Questo è il fraintendimento di fondo, che prescinde addirittura rispetto al principio di tutela delle fonti giornalistiche, connesso alla libertà di stampa e previsto con la legge del 1963 che prevede il segreto professionale.

La decisione è priva di effetti pratici

La sentenza del Tar ha creato ovvia preoccupazione per l’invasione in una sfera delicata come quella professionale dei giornalisti, ingenerando il paradosso che solo un giornalista che lavora per la Rai può subire una simile richiesta, anche se temeraria, mentre altrettanto non sarebbe possibile per chi lavora per emittenti private.

Tuttavia, l’obbligo che i giudici impongono a Report è sostanzialmente inutile anche per lo stesso Mascetti. Il Tar, infatti, ha parzialmente accolto la richiesta e ordinato alla Rai di consegnare le «richieste informative rivolte in via scritta dalla redazione del programma ad enti di natura pubblica, in merito all’eventuale conferimento di incarichi o consulenze in favore del ricorrente, unitamente ai riscontri forniti da suddetti enti, in quanto rientranti nel novero dei documenti e degli atti detenuti da una pubblica amministrazione o da un privato gestore di un servizio pubblico».

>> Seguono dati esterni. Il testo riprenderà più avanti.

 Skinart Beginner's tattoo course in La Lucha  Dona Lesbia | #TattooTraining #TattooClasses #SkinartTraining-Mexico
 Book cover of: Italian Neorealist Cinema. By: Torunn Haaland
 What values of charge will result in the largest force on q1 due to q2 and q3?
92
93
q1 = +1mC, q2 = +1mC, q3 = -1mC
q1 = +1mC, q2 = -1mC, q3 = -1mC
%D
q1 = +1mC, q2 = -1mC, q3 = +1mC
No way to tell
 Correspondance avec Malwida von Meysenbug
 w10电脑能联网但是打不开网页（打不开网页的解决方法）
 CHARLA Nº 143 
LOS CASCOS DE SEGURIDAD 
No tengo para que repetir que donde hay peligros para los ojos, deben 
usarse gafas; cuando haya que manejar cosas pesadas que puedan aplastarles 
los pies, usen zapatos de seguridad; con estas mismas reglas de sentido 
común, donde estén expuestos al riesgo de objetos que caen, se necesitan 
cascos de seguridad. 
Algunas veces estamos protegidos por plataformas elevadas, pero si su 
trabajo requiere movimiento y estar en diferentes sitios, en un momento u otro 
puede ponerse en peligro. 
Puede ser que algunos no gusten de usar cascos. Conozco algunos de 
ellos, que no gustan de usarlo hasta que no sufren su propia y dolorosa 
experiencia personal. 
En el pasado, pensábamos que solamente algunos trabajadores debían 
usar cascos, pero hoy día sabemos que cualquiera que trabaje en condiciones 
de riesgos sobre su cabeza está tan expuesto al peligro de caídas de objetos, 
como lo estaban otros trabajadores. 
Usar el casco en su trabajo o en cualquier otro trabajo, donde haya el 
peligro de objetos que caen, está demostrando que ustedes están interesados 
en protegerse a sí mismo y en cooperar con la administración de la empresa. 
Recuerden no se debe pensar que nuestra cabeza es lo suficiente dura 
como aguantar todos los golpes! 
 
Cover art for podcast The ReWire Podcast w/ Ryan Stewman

Semplificando il linguaggio: Report sarebbe obbligato a dare a Mascetti le eventuali mail o richieste scritte e le risposte che la redazione avrebbe ricevuto dai comuni lombardi citati nel servizio, in cui chiedeva l’accesso alle consulenze dell’avvocato. Quindi dei dati già pubblici e che Mascetti potrebbe agilmente reperire da sè, perchè presenti sul sito https://consulentipubblici.gov.it/, ma che comunque i comuni sono tenuti a fornire a chi li chieda. Per questo, secondo il Tar, l’opposizione del segreto giornalistico sulle fonti informative è «privo di rilievo».

La vicenda, tuttavia, ha correttamente suscitato clamore per una ragione: la pretesa, anche se temeraria, di Mascetti a voler sfruttare la natura pubblica della Rai per ottenere attraverso un giudice dati, informazioni e documenti frutto del lavoro giornalistico. Questo tentativo, più che la sentenza in sè, è rilevante perchè sfrutta proprio la leva della natura della Rai. E il risultato rischia di essere che il giornalismo, solo perchè prodotto dal servizio pubblico, sia il più soggetto a indebite pressioni e intimidazioni esterne. Pressioni che non contestano il merito dell’inchiesta, ma l’origine delle informazioni che ne hanno permesso la realizzazione, dunque un attacco alla libertà del singolo giornalista.